Mr Cameron urged the drinks industry, supermarkets, pubs and clubs to work with the government to ensure that "responsible drinking becomes a reality and not just a slogan".
Henry Ashworth, chief executive of the Portman Group which represents drinks producers, said his members were "determined to be effective partners in tackling public drunkenness, which is an embarrassment to us all".
Simon Antrobus, chief executive of alcohol treatment charity Addaction, said that while it was important to ensure drinks retailers took more responsibility, properly-funded support for charities helping problem drinkers was also vital.

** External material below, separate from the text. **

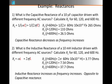So notice what happens: inductive reactance increases whenever frequency increases. That's the opposite to capacitive reactance.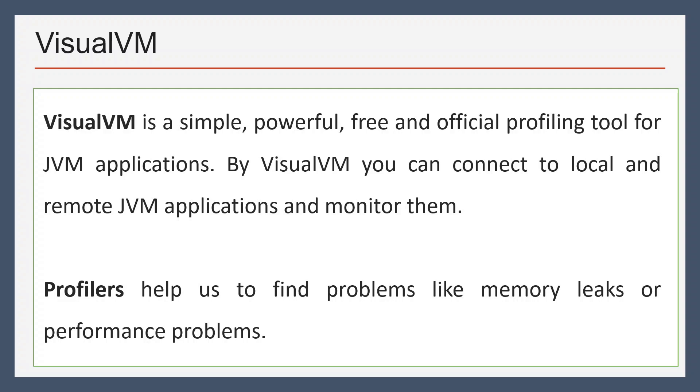If we talk about profilers, there are many profilers available in the market like JProfiler, YourKit, NetBeans profiler, etc. And it helps us to identify a memory leak or any other performance issues.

"Addressing the root cause of someone's problems is, in our professional experience, the most effective way to tackle their drinking," he said.
For Labour, shadow health minister Jamie Reed said: "There's undoubtedly an important debate to be had about alcohol and when the government publishes its long-awaited strategy we'll play our part.
"But today's warm words from the prime minister look hastily thrown together. On a day when over 100,000 members of the public have joined NHS staff in calling on David Cameron to drop his reckless Health Bill, he is dodging the difficult questions and desperately trying to distract attention."